Atlantic City makes rest of $8.4M school tax payment
Atlantic City made the rest of a tax payment it owed to its school system on Tuesday, hours before a judge was to consider freezing the city's cash until the debt was paid.
At a court hearing scheduled for Tuesday afternoon, the state Education Department was to seek an order to force the nearly broke city to pay its entire debt to the schools. A ruling against the city could force a partial government shutdown, but the payment to the schools appeared to lessen the likelihood of such a ruling, at least for now.
Representatives of the state Attorney General's office did not immediately return a message seeking comment. In court papers filed Monday, the office asked Judge Julio Mendez for an order compelling the city to pay the school system what it owes.
Last week, the city paid half of the $8.4 million installment that was due from property taxes that partially fund the school system. The city still owes the schools about $25.5 million by the end of the school year.

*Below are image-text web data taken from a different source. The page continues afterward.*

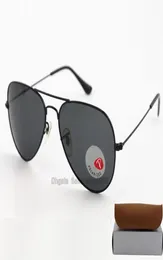12pcs Polarizing Sunglasses For Men Women Classic Black Frame Green Polarized Sun Glasses UV400 Driving glasses 58mm lens with bro1130953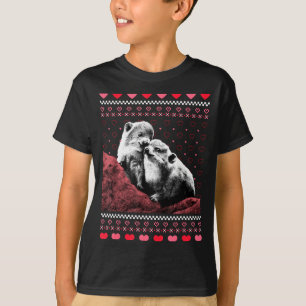Rock Hyrax Valentine's Day Ugly Sweater Style 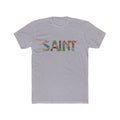 SAINT floral letters T-Shirt | Botanical Typography Tee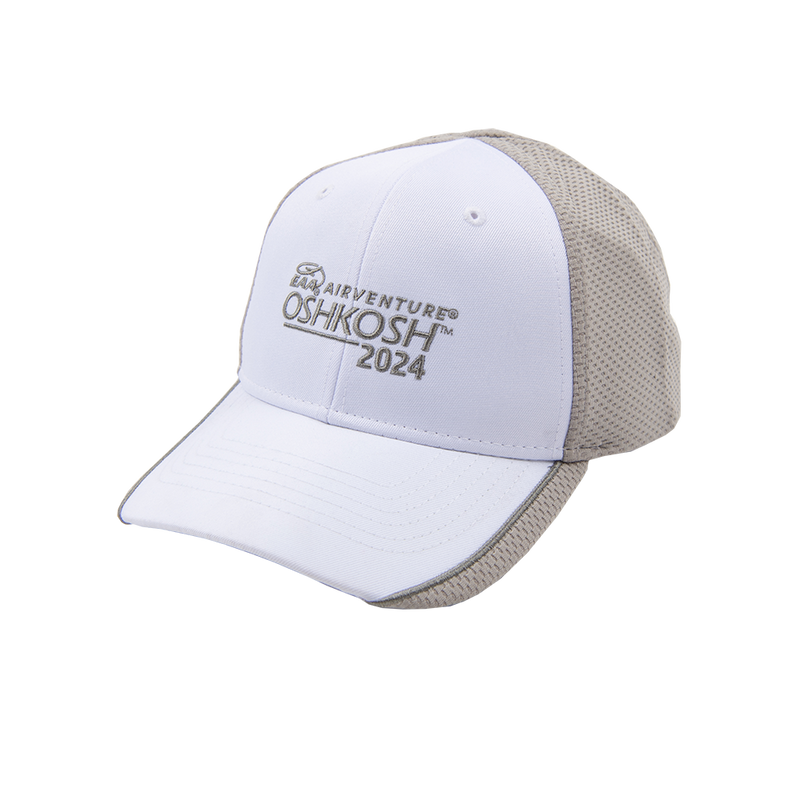 EAA AirVenture Oshkosh 2024 Hat, White and Grey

"If the (school) district does not receive the money owed, it will not be able to meet obligations such as teachers' salary and health benefits, charter school payments, and tuition payments to private schools for students with disabilities," the state wrote.
It wants the judge to order the city to make "regular and prompt" monthly payments.
The city, however, is in dire financial straits, brought on in large part by the contraction of its casino industry, which has seen its revenue plunge from $5.2 billion in 2006 to $2.56 billion last year. As the casinos became worth less, they and other property owners were able to successfully challenge their property tax assessments, blowing huge holes in the city's budget.
An aid package for Atlantic City, which would include a state takeover of its finances and major decision-making power, is stalled in the state Legislature, which can't agree on one of two rival measures being proposed. Gov. Chris Christie and others acknowledge the casino industry's decline as a major cause of Atlantic City's troubles, but they also blame generations of city political leaders for spending beyond the city's means.
Should the city run out of money before the next batch of tax payments arrives in early May, it plans to shut down nonessential government services. But visitors to the city probably would not notice much.
The casinos, restaurants and nightspots will remain open; police and firefighters will still protect the city, and garbage will still be picked up. A shutdown would be more likely to impact residents who need a marriage license, a death certificate or assistance with a code enforcement matter.